1978 All-Ireland Senior B Hurling Championship

Tournament details
- Country: Ireland England

Final positions
- Champions: Antrim
- Runners-up: London

= 1978 All-Ireland Senior B Hurling Championship =

The 1978 All-Ireland Senior B Hurling Championship was the fifth staging of Ireland's secondary hurling knock-out competition. Antrim won the championship, defeating London 1–16 to 3–7 in the final at Croke Park, Dublin.

==The championship==

===Format===

Home final: (1 match) The winners of the two semi-finals contest this game. One team is eliminated at this stage while the winners advance to the 'proper' All-Ireland final.

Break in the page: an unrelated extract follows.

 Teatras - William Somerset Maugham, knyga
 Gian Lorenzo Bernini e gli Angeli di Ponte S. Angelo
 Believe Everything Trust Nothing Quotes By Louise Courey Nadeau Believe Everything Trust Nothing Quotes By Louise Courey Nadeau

Final: (1 match) The winners of the All-Ireland 'home' final join London to contest this game. One team is eliminated at this stage while the winners are allowed to participate in the All-Ireland SHC quarter-final.

==Results==

===Semi-finals===

28 May 1978
Antrim 2-17 - 2-7 Roscommon
28 May 1978
Down 5-15 - 3-11 Meath

===Home final===

11 June 1978
Antrim 1-10 - 2-6 Down
  Antrim: R McDonnell 1-4, J Crossey 0-3, J O'Neill 0-1, C Ward 0-1, S McNaughton 0-1.
  Down: B Gilmore 1-2, P Braniff 1-0, B Mullin 0-1, M O'Flynn 0-1.

===Final===

25 June 1078
Antrim 1-16 - 3-7 London
  Antrim: R McDonnell 0-4, D McNaughton 0-3, P Boyle 0-3, J Crossey 0-2, J Fagan 0-2, C Ward 1-0, S Collins 0-1, P McEllistrim 0-1.
  London: M Hughes 2-2, J McCormack 1-2, P Cronin 0-2, D Law 0-1.